# [SOLVED] Raid1 recovery restarts at >80%

## aapash

Raid1 recovery restarts at >80%

Raid configuration:

```
Server ~ # cat /proc/mdstat

Personalities : [raid0] [raid1]

md2 : active raid1 md0[2] md1[1]

      601537408 blocks [2/1] [_U]

      [=>...................]  recovery =  9.7% (58476032/601537408) finish=147.2min speed=61448K/sec

md1 : active raid0 sdb1[0] hdi1[2] hdg1[1]

      601537472 blocks 64k chunks

md0 : active raid0 sda1[3] hde1[2] hdc1[1] hda2[0]

      602262912 blocks 64k chunks

unused devices: <none>

```

Original system location is md0 (raid0). md1 has been added as yet another raid0.

md2 (raid0+1) has been created as:

```
Server ~ # mdadm --create /dev/md2 --level=1 --raid-devices=2 missing /dev/md1
```

Data have been copied to md2 (degraded mode). System starts and works just fine from md2.

Now it's time to put missed raid0 (md0) in system:

```
Server ~ # sfdisk -d /dev/md1 | sfdisk /dev/md0 
```

Just to check:

```
Server ~ # sfdisk -d /dev/md1

# partition table of /dev/md1

unit: sectors

/dev/md1p1 : start=        4, size=1203074940, Id=fd

/dev/md1p2 : start=        0, size=        0, Id= 0

/dev/md1p3 : start=        0, size=        0, Id= 0

/dev/md1p4 : start=        0, size=        0, Id= 0

Server ~ # sfdisk -d /dev/md0

# partition table of /dev/md0

unit: sectors

/dev/md0p1 : start=        4, size=1203074940, Id=fd

/dev/md0p2 : start=        0, size=        0, Id= 0

/dev/md0p3 : start=        0, size=        0, Id= 0

/dev/md0p4 : start=        0, size=        0, Id= 0

```

Missing device is added:

```
Server ~ # mdadm /dev/md2 -a /dev/md0 
```

Recovery process is started, but never comes to the end. At the end (>80%is done) it restarts from the beginning.
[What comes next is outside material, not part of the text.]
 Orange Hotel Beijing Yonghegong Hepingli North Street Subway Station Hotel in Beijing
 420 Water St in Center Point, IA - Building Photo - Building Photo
Can't understand what's going on. Has tried:

```
Server ~ # mdadm /dev/md2 -f /dev/md0

Server ~ # mdadm /dev/md2 -r /dev/md0 

Server ~ # sfdisk -d /dev/md1 | sfdisk /dev/md0

Server ~ # mdadm /dev/md2 -a /dev/md0

```

The same result...   :Confused: 

Any ideas?Last edited by aapash on Sat May 17, 2008 12:10 am; edited 1 time in total

----------

## manaka

You are using a quite weird setup... raid10 md personality would generally be preferred over the raid0 and raid1 combo.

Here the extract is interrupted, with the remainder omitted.